Walk the independent claim. Magic Leap's grant US12298517B2, "Augmented reality display with waveguide configured to capture images of eye and/or environment" (issued May 13, 2025; a multi-inventor filing), is a granted patent. Its CPC mix — G02B 27/0172 optics, G06F 3/013 gaze input, G06T 19/006 rendering — spans optics and sensing in one claim.
The element that does the work is bidirectionality. A conventional AR waveguide is a one-way street: it carries the display image to the eye. This claim makes the same waveguide a two-way path — also capturing images of the eye for gaze tracking and of the environment for scene understanding. Folding sensing into the display optic is the defensible advance.
What it reads on is a next-generation AR headset that integrates eye tracking and environment capture into the display waveguide rather than using separate cameras — a path to thinner, simpler optics. Magic Leap's whole identity is waveguide optics, and this grant extends that lead into the sensing function.
Scope discipline: the claim protects the recited image-capturing waveguide, not AR optics generally and not eye tracking done with discrete cameras. A headset that tracks gaze with a separate camera, or senses the environment with dedicated sensors, operates outside it.

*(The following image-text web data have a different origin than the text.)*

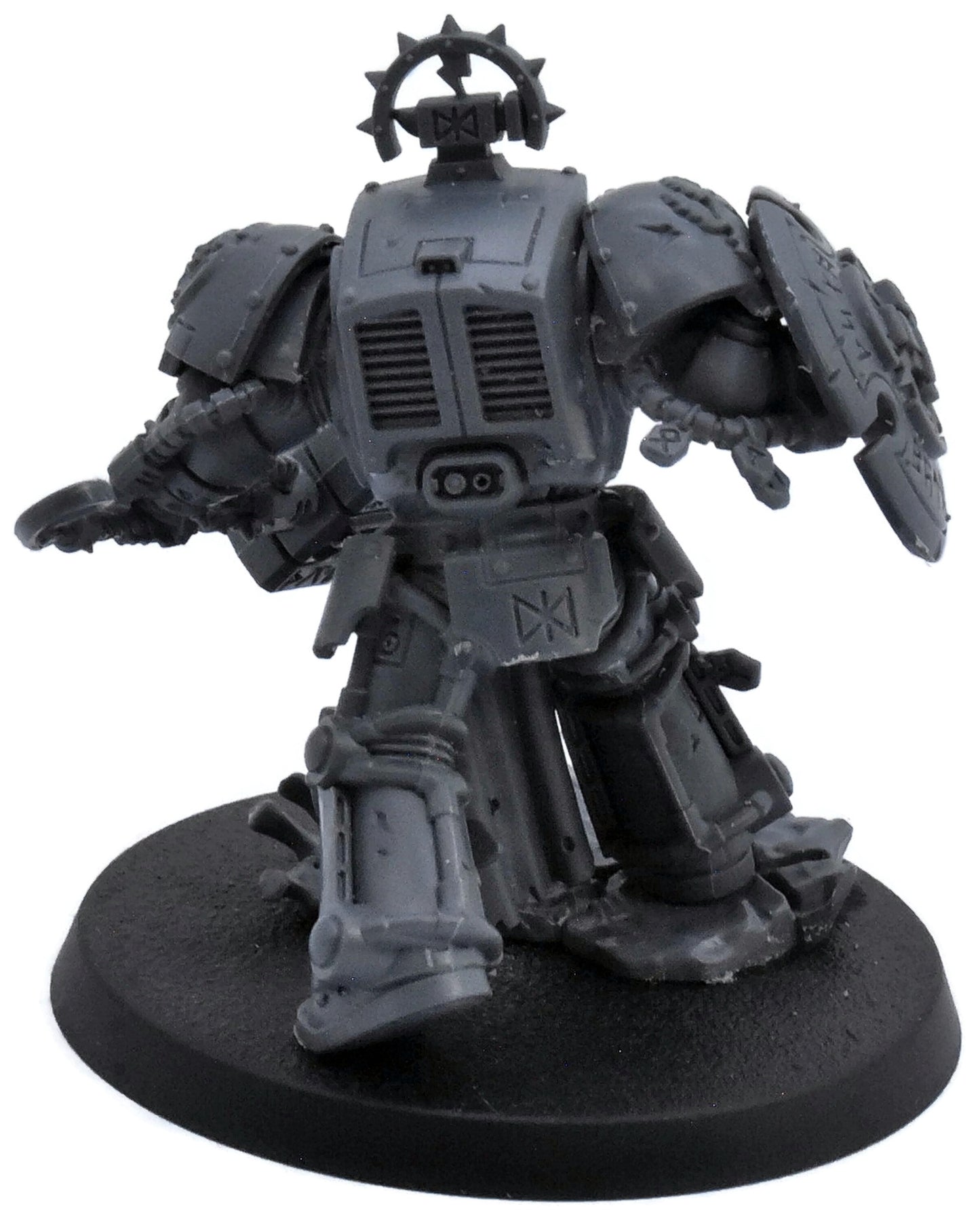 SPACE WOLVES Arjac Rockfist Anvil Of Fenris #1 Warhammer 40K 5120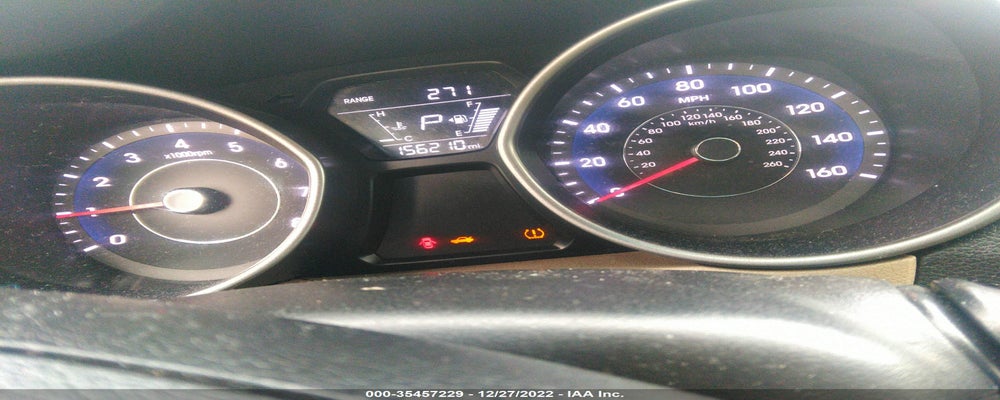 5NPDH4AE1EH538468 2014 HYUNDAI ELANTRA photo no. 7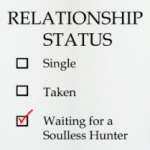 В ожидании бездушного охотника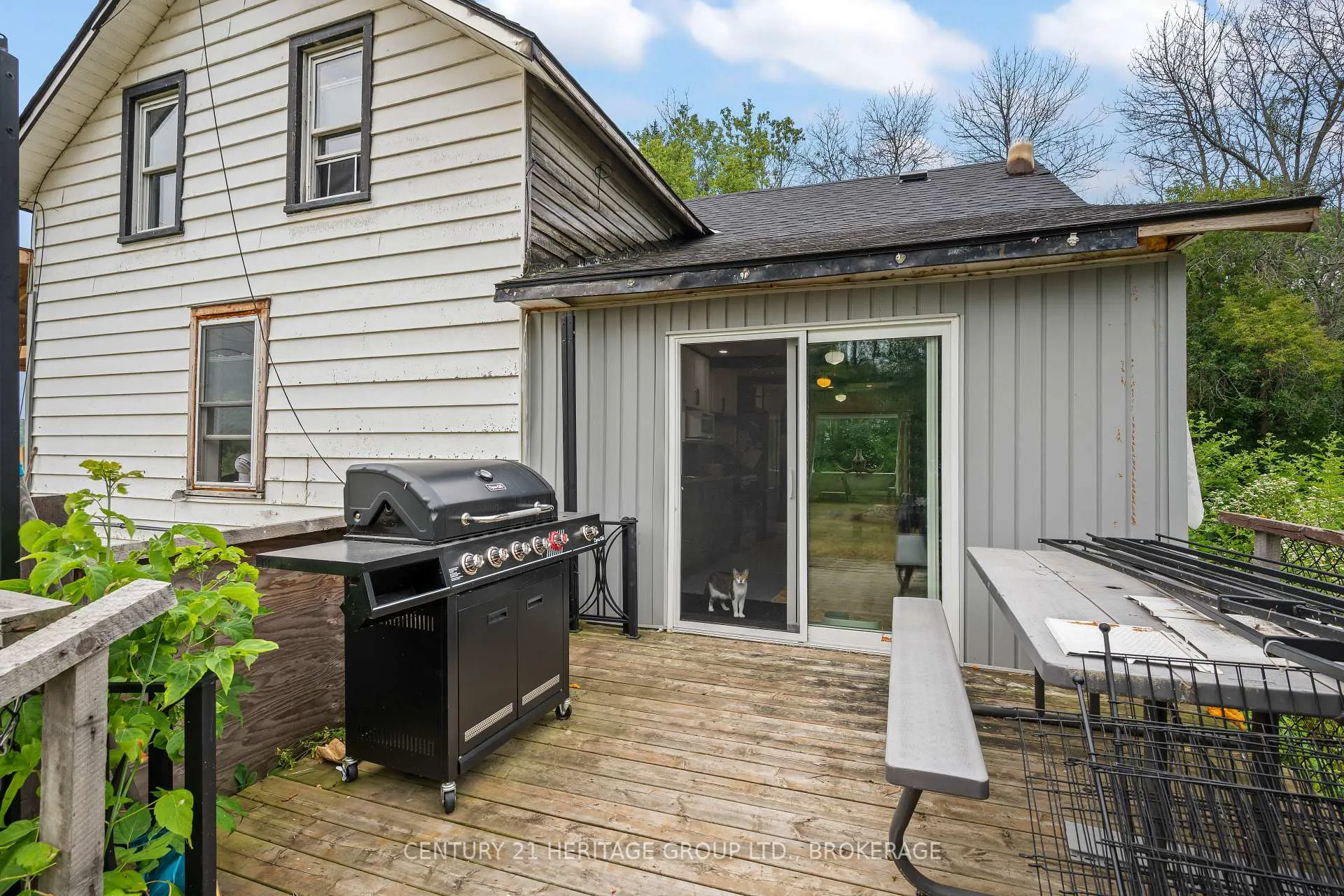 Photo 6 of 2596 Washburn Road, Frontenac, Frontenac South — HOMEH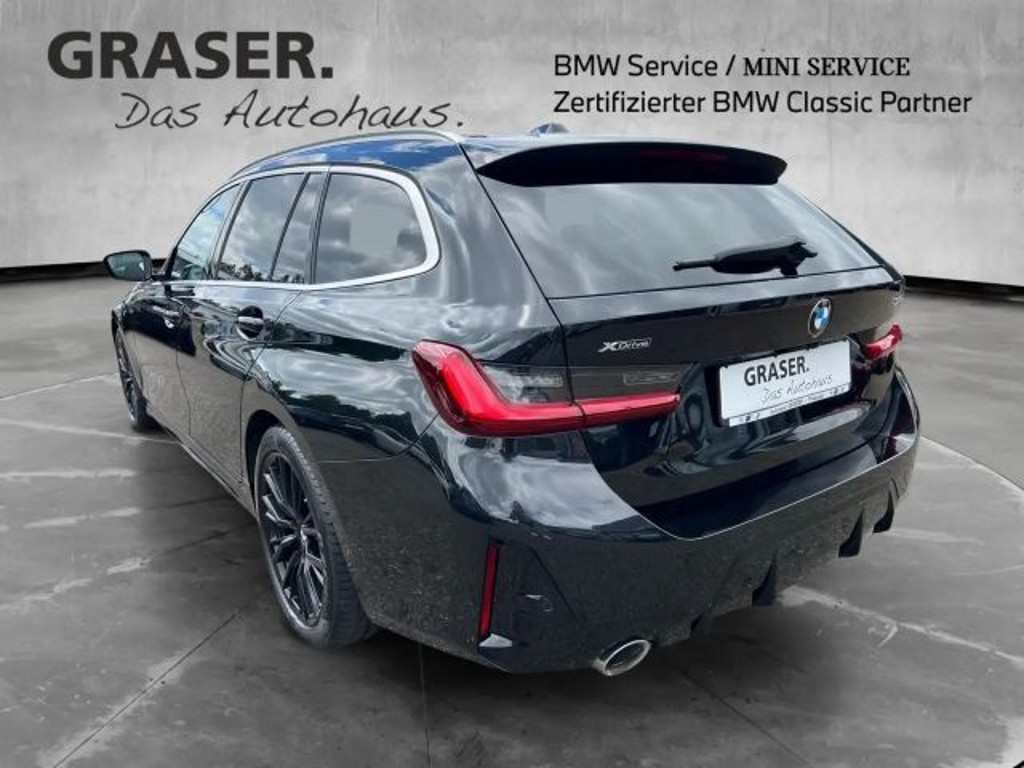 BMW 3 Serie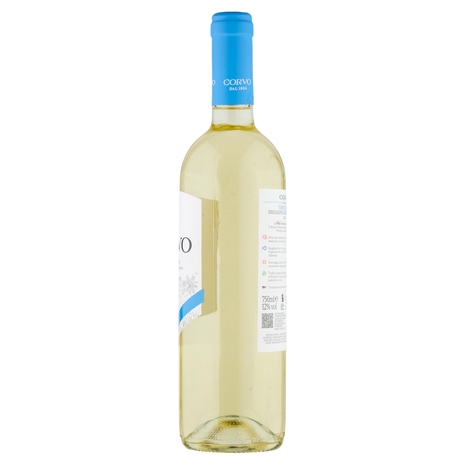 Corvo Terre Siciliane IGT Bianco 750 ml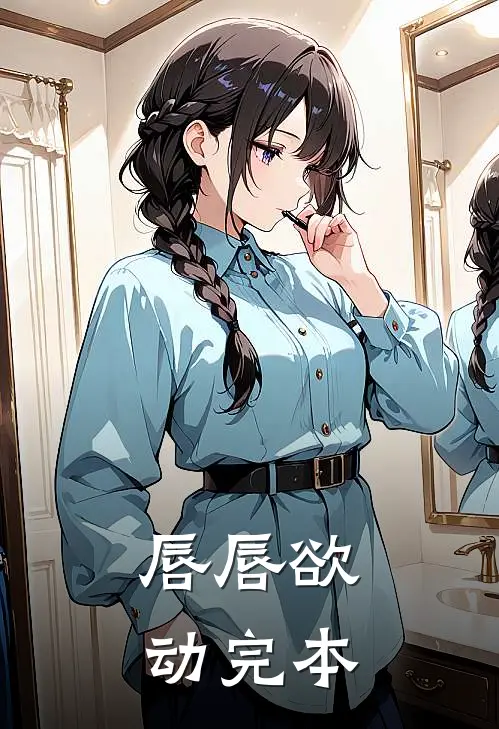 唇唇欲动完本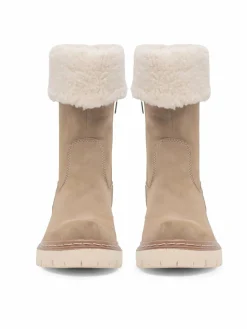 Stivaletti GAMMA WS5866-23 Beige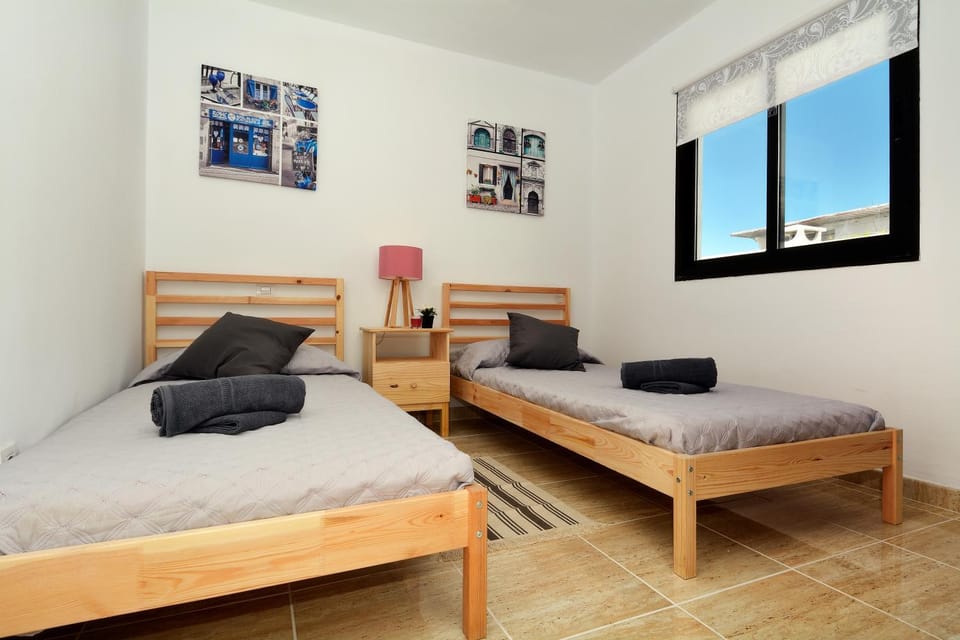 Jarenal Close to the Beach Guacimeta By PVL Apartment in Isla de Lanzarote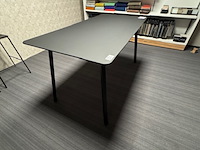 Bartafel studio henk, zwart - afbeelding 5 van  6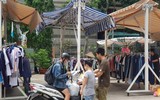 [ẢNH] Tủ quần áo 0 đồng nơi 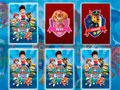 Game Paw Patrol Memory Cards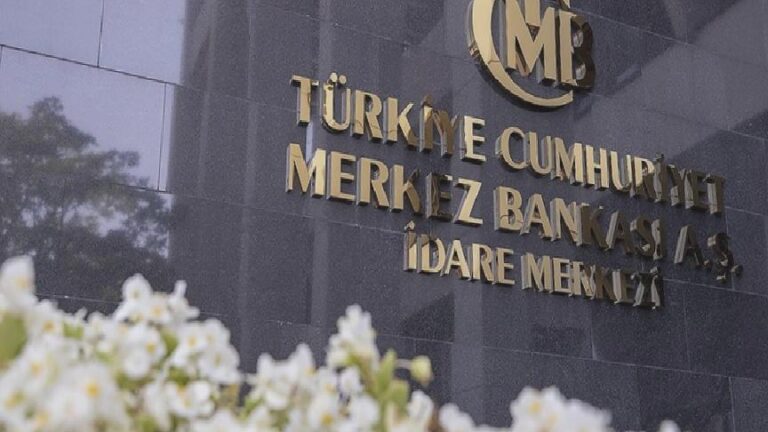Merkez Bankası yeni kararlar açıkladı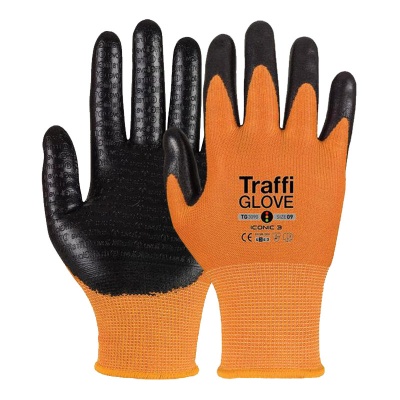 TraffiGlove TG3090 Iconic Cut Level 3 Safety Gloves
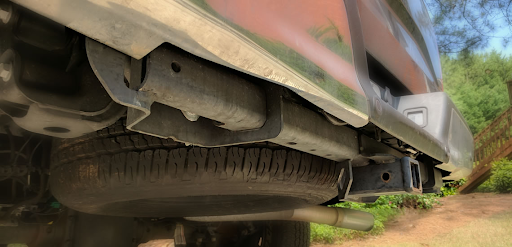 tow bar for tiny house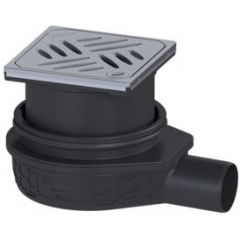 Kessel Ultraflat 4470063 wpust podłogowy cm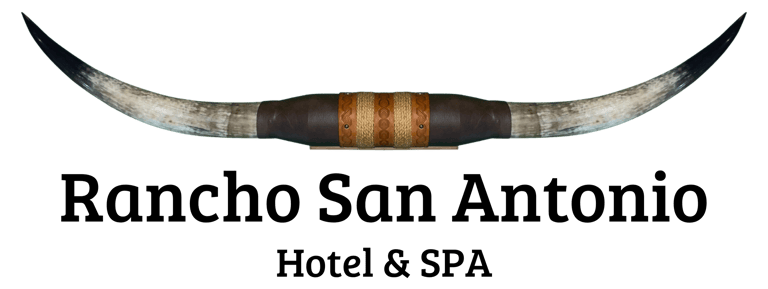 Rancho San Antonio logo
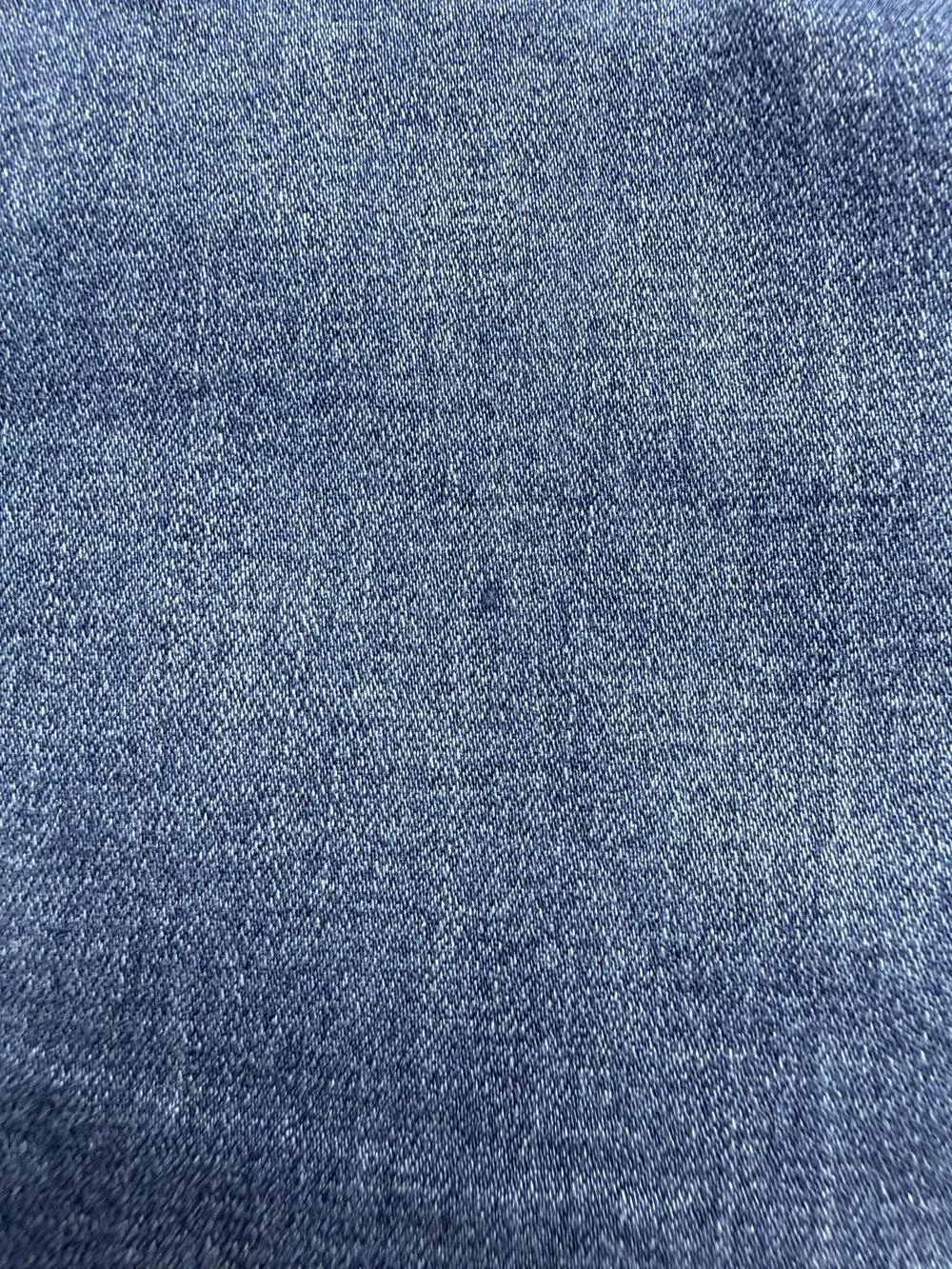 Izod Jeans Mens 36x32 Blue Med Wash Denim Regular Straight Stretch Casual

The defensible element is the waveguide doing double duty as display and camera.
Granted status makes US12298517B2 a live obstacle in advanced AR optics, where consolidating components into the waveguide is a clear industry direction — fewer separate cameras means thinner, lighter glasses. Anyone pursuing that consolidation should map their design against this bidirectional-waveguide claim.
For a strategist, the patent shows the AR-optics frontier moving from "get the image out" to "get the image out and pull sensing data back in through the same element." Magic Leap claiming that frontier in 2025 is consistent with its decade-long concentration in the light path — now extended to make the light path sense as well as display.